*Provided data*

────────

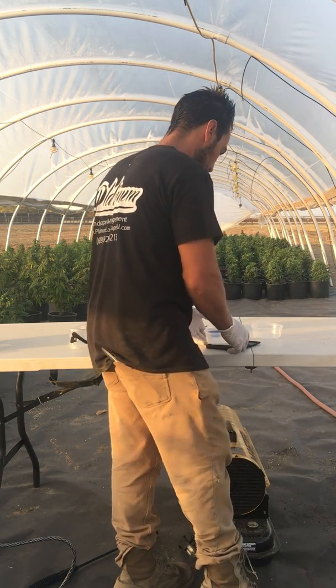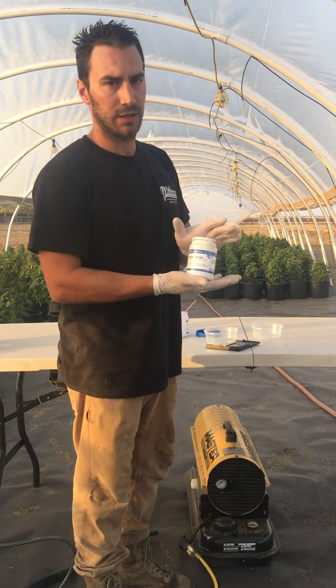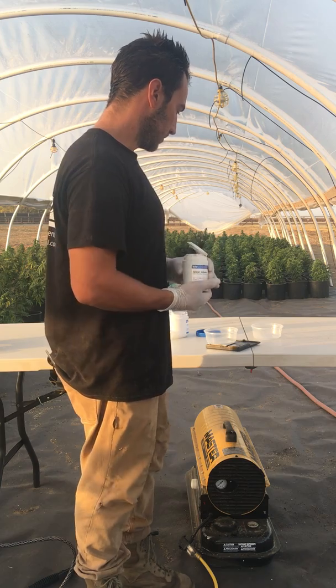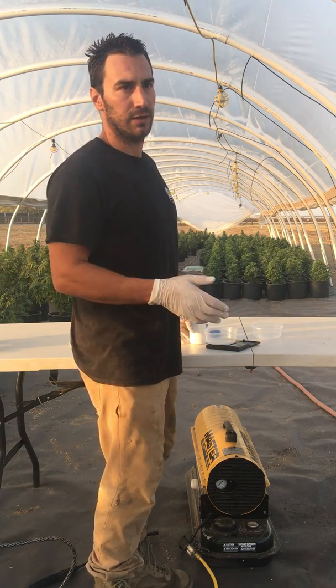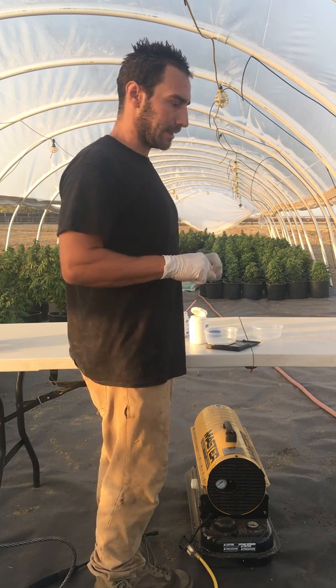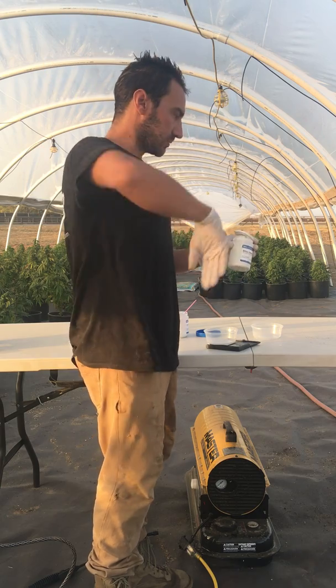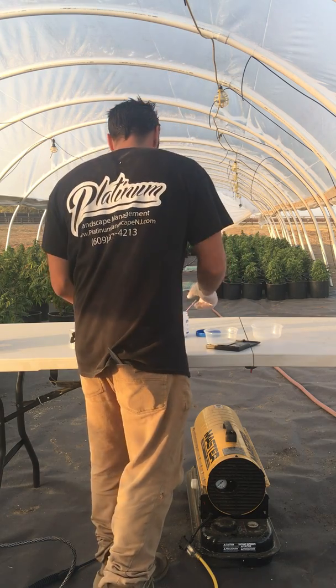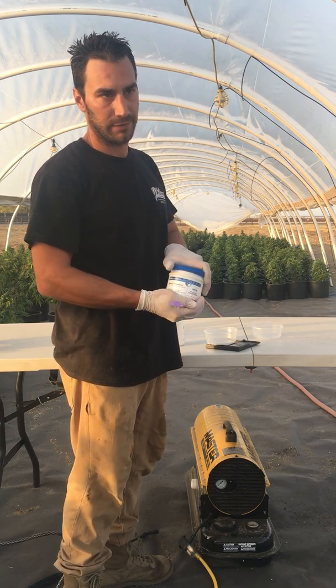I'm going to put one gram of silver nitrate into the other mixture. I'm going to label the two Part A and Part B and then mix them together and add an equal part water. I've been given a lot of misinformation — one time I was told to add five parts water.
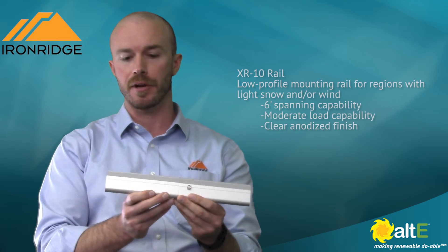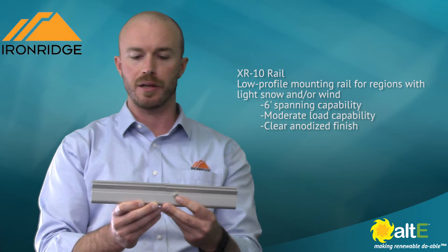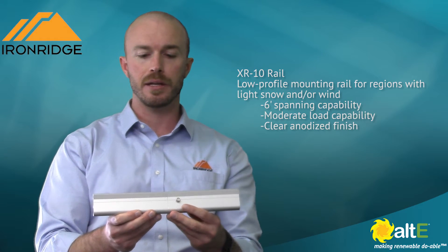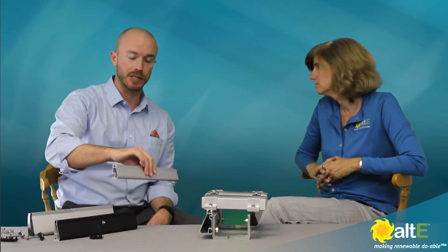This is our XR-10 rail. It's the slimmest one, the most lightweight, and most cost-effective. The way that it's going to mount is going to be based on environmental factors. If it's a low wind, low snow area, you can probably span four to six feet with this — Arizona, Southern California, a lot of places can use that.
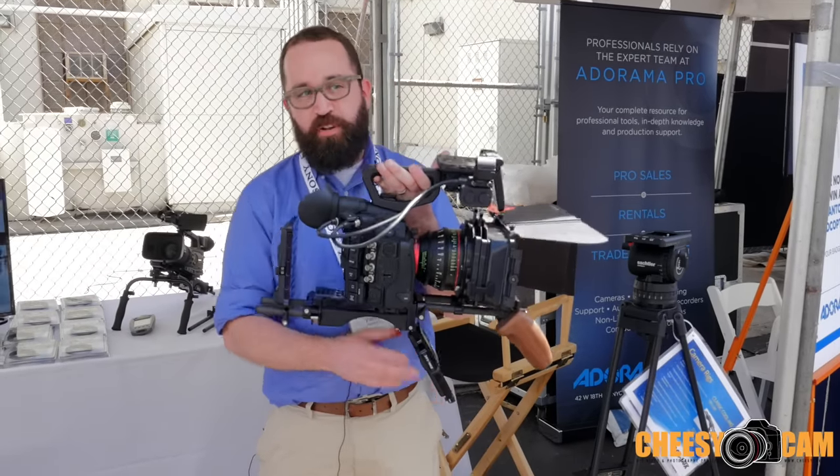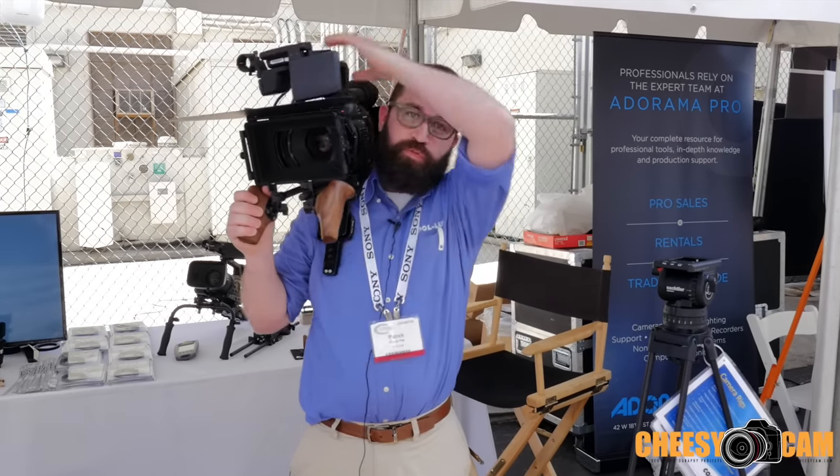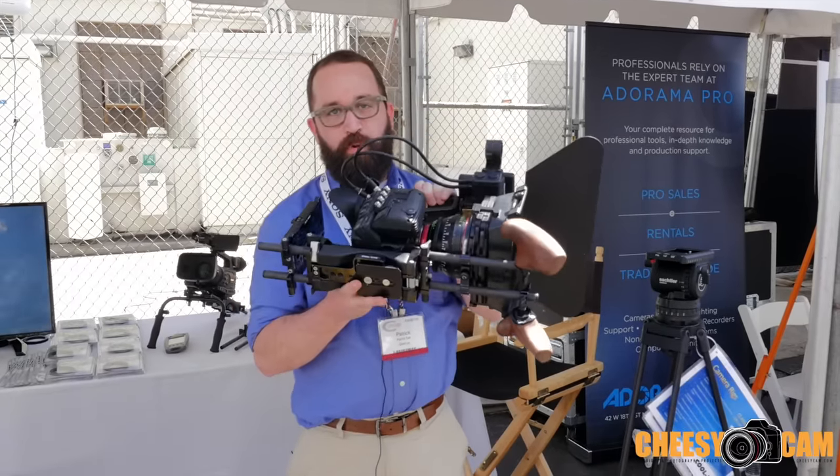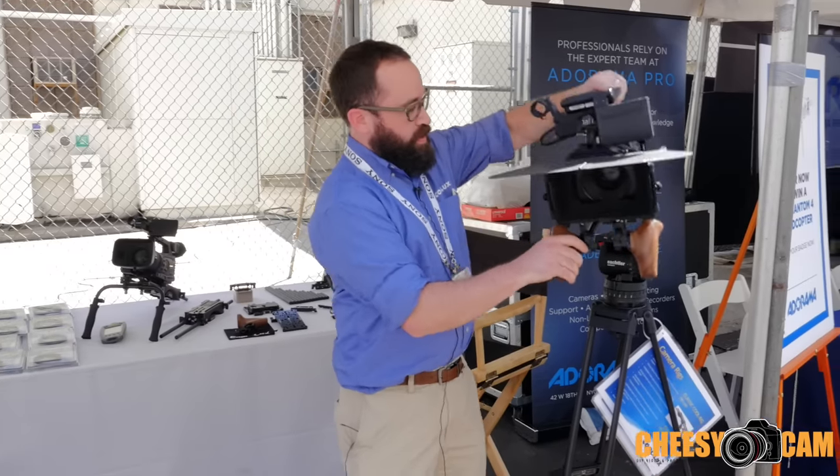The way it works is it flips out to let you go to shoulder and it gets totally balanced that way, and then you can also flip the plate back up, mount your tripod wedge plate on the bottom here, and then it goes straight to the tripod and locks in place.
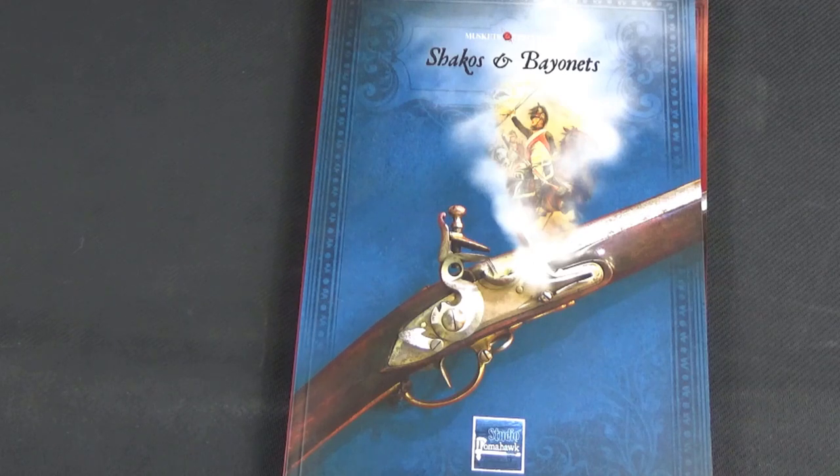Welcome to this Way to Fire YouTube video. Today it's me, Andy, and I'll be looking through the new Shackos and Bayonets expansion for Muskets and Tomahawks from Studio Tomahawk. Studio Tomahawk is a French company that has produced such iconic games as Saga, and also did Muskets and Tomahawks some years ago — a new edition came out about 18 months ago.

────────

Retype the data above exactly; pictures are not part of the copy.

*Exercise response*
I'm going to put one gram of silver nitrate into the other mixture. I'm going to label the two Part A and Part B and then mix them together and add an equal part water. I've been given a lot of misinformation — one time I was told to add five parts water.
This is our XR-10 rail. It's the slimmest one, the most lightweight, and most cost-effective. The way that it's going to mount is going to be based on environmental factors. If it's a low wind, low snow area, you can probably span four to six feet with this — Arizona, Southern California, a lot of places can use that.
The way it works is it flips out to let you go to shoulder and it gets totally balanced that way, and then you can also flip the plate back up, mount your tripod wedge plate on the bottom here, and then it goes straight to the tripod and locks in place.
Welcome to this Way to Fire YouTube video. Today it's me, Andy, and I'll be looking through the new Shackos and Bayonets expansion for Muskets and Tomahawks from Studio Tomahawk. Studio Tomahawk is a French company that has produced such iconic games as Saga, and also did Muskets and Tomahawks some years ago — a new edition came out about 18 months ago.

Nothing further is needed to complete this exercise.